The new curriculum includes pre-written notes and worksheets. Wickman created these resources so students can engage with their professors and fellow classmates and not focus on copying down comprehensive notes during class. Wickman believes this approach will create more opportunities for “inquiry-based, hands-on learning.”

“We want to encourage students to see math as this thing that is to be discovered…and that’s it’s still growing,” said Wickman. “The way to learn math is you have to do it—they say math is not a spectator sport.”

Wickman uncovered her interest in inquiry-based learning during her time with the UFTeach Program at the University Florida. Through UFTeach, Wickman majored in mathematics and minored in education and developed skills that would later help her in the classroom. After completing the program, she taught math in high schools in both Palmetto and Sarasota, Florida, and saw the benefits of creating an engaging classroom environment.

“[It] helps them discover math the way it’s meant to be,” said Wickman.

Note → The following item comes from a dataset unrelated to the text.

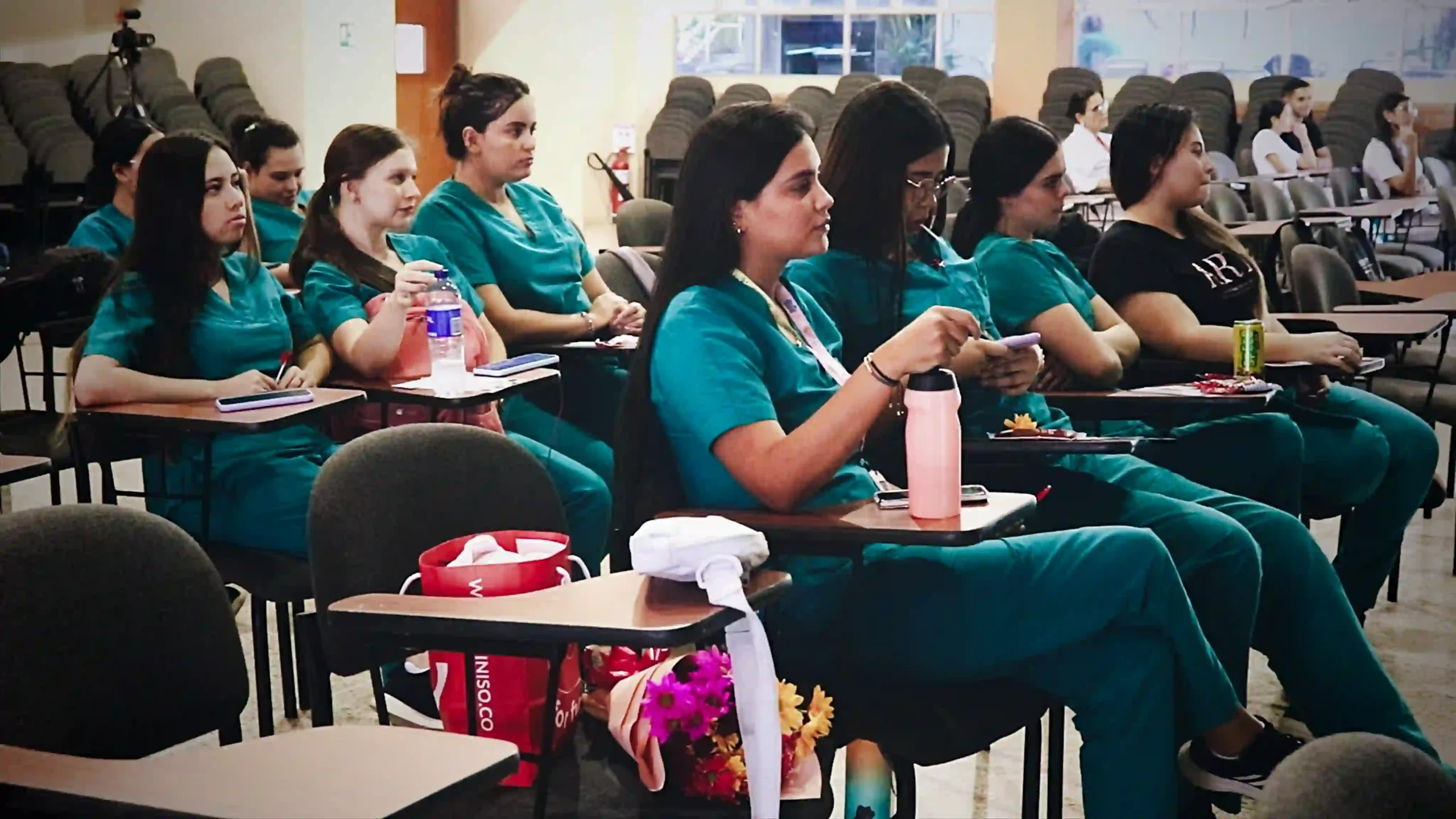 Young women in green medical uniform list in a conference room listening to a presentation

Although she enjoyed teaching high school students, she also wanted to deepen her knowledge of mathematics by pursuing a terminal degree. So, with that in mind, she reenrolled in the University of Florida and earned her Ph.D. in Mathematics.

“As I was getting my Ph.D., I was really learning more about what it meant to be a real mathematician and how it’s more than just, ‘Here’s the formula plug it in,’” sad Wickman.

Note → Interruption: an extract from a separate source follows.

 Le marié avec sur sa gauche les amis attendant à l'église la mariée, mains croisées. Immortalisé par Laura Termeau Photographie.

After earning her Ph.D., she explored career opportunities at universities that emphasized both research and teaching. That exploration eventually led her to UAB.

“The research that they do here—that was the one thing that jumped out to me. I like the community of research that they have,” said Wickman. “I am also really into teaching, and [the department] has a big emphasis on teaching.”

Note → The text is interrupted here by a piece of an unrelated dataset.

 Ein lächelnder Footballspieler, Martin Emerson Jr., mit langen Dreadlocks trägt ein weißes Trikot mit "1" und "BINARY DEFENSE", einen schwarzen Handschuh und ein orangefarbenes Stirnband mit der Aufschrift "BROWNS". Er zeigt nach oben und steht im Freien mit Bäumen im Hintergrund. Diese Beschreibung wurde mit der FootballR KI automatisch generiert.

She arrived at UAB in Fall 2022 and immediately started coordinating the new “Calculus I” curriculum. In addition, she has identified more opportunities to use technology in the classroom—specifically, online graphic calculators. By doing so, Wickman and her fellow faculty members are ensuring students can visualize their work.

“Calculus is a very visual subject, so you need to see pictures of the graphs at all times to have any idea of what’s going on,” said Wickman. “They’re starting [with a] conceptual understanding before we get into the procedural understanding and notes.”

As she continues to make “Calculus I” more accessible, she also hopes to build a community for mathematics at UAB. In the future, she is interested in establishing an Association for Women in Mathematics (AWM) chapter at UAB. AWM’s mission is to “create a community in which women and girls can thrive in their mathematical endeavors, and to promote equitable opportunity and treatment of women and others of marginalized genders and gender identities across the mathematical sciences.”

“I hope to create a community… that encourages people to do math without making it seem like it’s just for credit or just for putting on a resume,” said Wickman. “It’s a fun and enriching thing to do. It opens your mind.”

Although Wickman is still in her first semester at UAB, it’s clear her approach will influence the ways in which students (and faculty) view mathematics—both inside and outside of the classroom.